A message from our Training Partner, Redman Training & Development
Last month we spoke about giving good feedback, but in this feature, we’ll address being on the other side.
For many of us, receiving feedback can be extremely challenging. Who can relate to feedback being given to us in our early formative years? This feedback was often instructional, delivered in the moment without us requesting it and most often about what we had ‘done wrong’. It could also have been delivered in anger.
It is quite normal for most people to have a negative reaction when we hear the word ‘feedback’. In our formative years, we didn’t have the cognitive skills to analyse the feedback being given to differentiate that it’s about the behaviour rather than the self. This often resulted in the formation of a belief that we were a “bad” or “incapable” person rather than that we were demonstrating unhelpful, unacceptable unsupportive behaviour.

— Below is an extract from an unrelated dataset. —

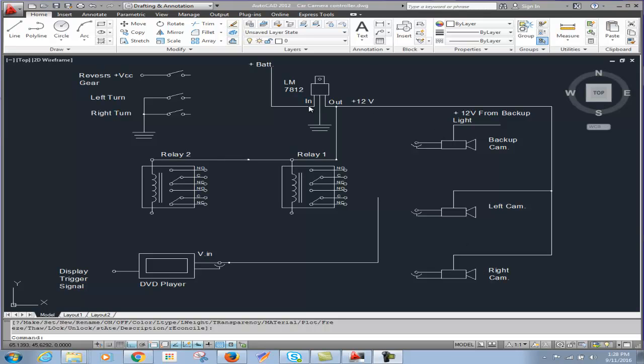This circuit that you see — this diagram — actually consists of three major components: this voltage regulator here, and a two-pole relay.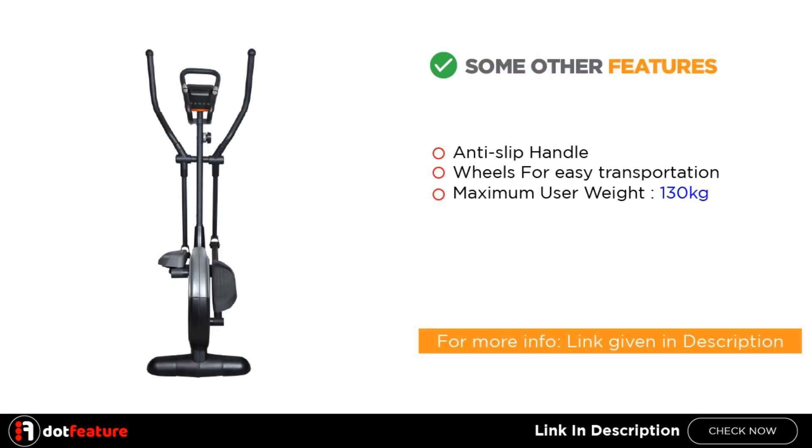Some other features include an anti-slip handle, wheels for easy transportation, and a maximum user weight capacity of 130kg.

We carry this mindset into our adult years so that when we hear the word feedback we cringe and often react from the memory of how we received feedback as a child.
The reality is feedback is a valuable opportunity for us to learn and improve.
There are methods of delivering feedback and receiving feedback that improve communication to achieve outstanding results in both business and our personal lives.
From a business perspective, the manner in which we receive feedback can elevate how we are perceived by or client or colleague. To go to a defensive response can often develop into a conflict between two parties. Alternatively, we can improve a relationship when we receive feedback with gratitude and allow time to evaluate before responding.
Remember feedback is an expression of opinion rather than fact from the deliverer’s point of view.